As a practical matter, I understand why domestic issues were discussed in what was supposed to be a debate on foreign policy. The current economic crisis needed to be addressed. Nonetheless, the loss of nearly thirty-five minutes was significant. Foreign policy is an arena in which the president always has significant control. Given the challenges of rebuilding America’s international credibility, running two wars, stopping nuclear proliferation, and handling countless other problems, it is clear that we needed more than an hour’s worth of discussion on an area of policy where the scope of executive power is vast indeed.
At the very least, the debate did emphasize the magnitude of the challenge, especially concerning the now crucial issue of Russia’s newfound aggressiveness. Tellingly, the candidates were not shy about sharing their concerns of a resurgent Russia and reassuring Russia’s neighbors that they will be protected and brought into NATO. These comments unavoidably encourage the view that NATO is to some degree an anti-Russian organization. Our willingness to upset the Russian government should be a sign that this relationship is in serious trouble. No matter how badly they behave, we are probably going to need to work with the Russians in order to handle other international threats, such as nuclear proliferation. The next president is going to have a tough time trying to maintain the balance between checking inappropriate behavior and getting Russia’s support on other serious issues.
Unfortunately, the debate yielded little new insight into how the candidates plan to meet these challenges. The debate was focused on the same arguments that have been made countless times before on Iraq, Afghanistan, Russia, Iran and the threat of terrorism. We’ve already heard ample discussion of the candidates’ views on Iraq and have been treated to the increasingly ridiculous argument about whether a president should meet a world leader without preconditions.

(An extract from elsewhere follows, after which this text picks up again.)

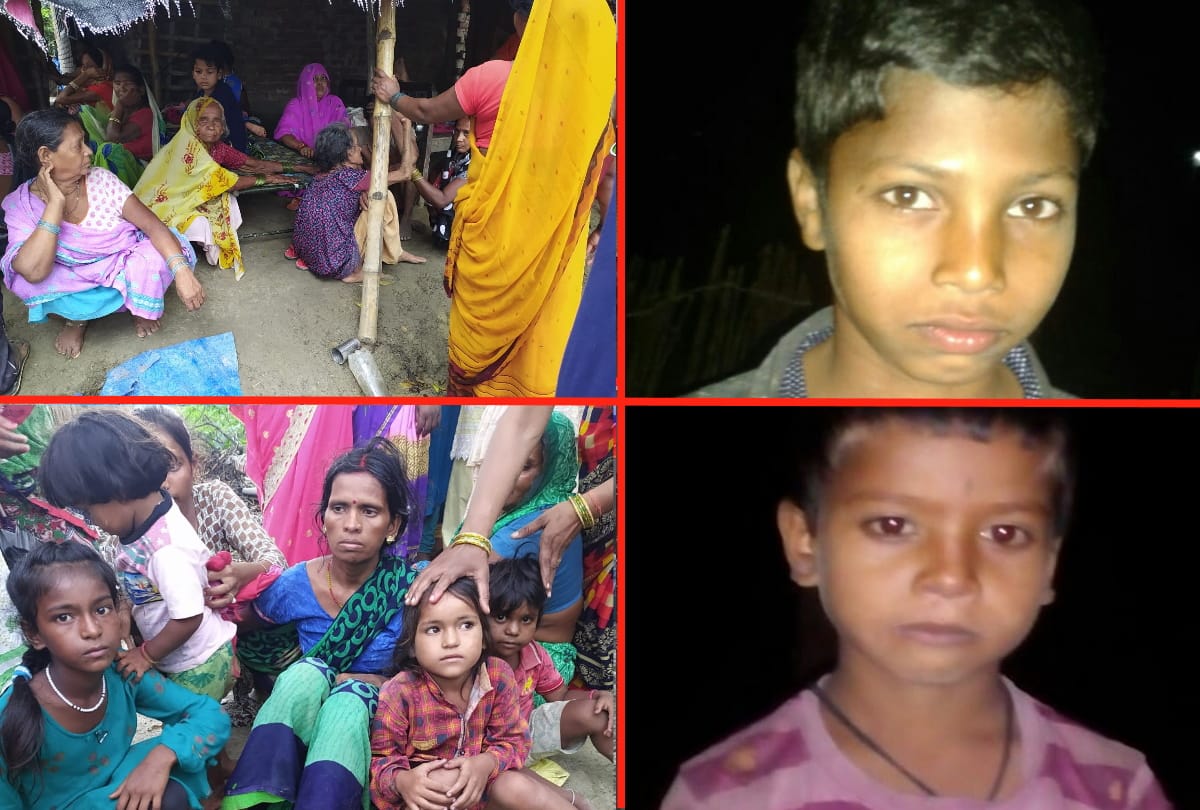 Two children died and due to drowning in pond at deoria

What if the economy had not dominated a third of the time available? For one thing, we might have had some discussion about China’s human rights record and its rising economic power in relation to the American economy. Beyond the obvious, however, I wish that Jim Lehrer had asked questions about issues that do not dominate news coverage and stump speeches. When you have the candidates captive in front of the country, you should feel an obligation to ask questions that probe their broader views and bring critical, but less familiar, topics to the public’s attention.
We know what they want to do about today’s major challenges, but we also need to know what they would do about the problems that haven’t happened yet. We need to know how they see our country and its role in the world. To get a better idea about how the next president will interact with the world, Lehrer should have asked the candidates if they believe that the United States should be the sole superpower. Although both candidates would first talk about the importance of international allies, their justifications for American leadership and the language they use to describe it would be enlightening. We could also have learned a lot more about the conditions under which they would use force by moving the discussion beyond potential nuclear threats and into an examination of the persistent problem of humanitarian interventions. There would also have been value in hearing the way they discuss policy towards the regions of the world that do not dominate the campaign. What are their priorities in Latin America and Africa? How involved will we be in these regions and will that involvement revolve around humanitarian or material goals?
Ultimately, the debate failed to tell us enough about these men and their visions for American’s role in the world. Foreign policy is too vital an issue for voters to be pulling the lever with insufficient information. The American people deserve to get a second debate on foreign policy. Sadly, I have no illusion that anyone will prioritize the education of the electorate over the maneuverings of presidential politics.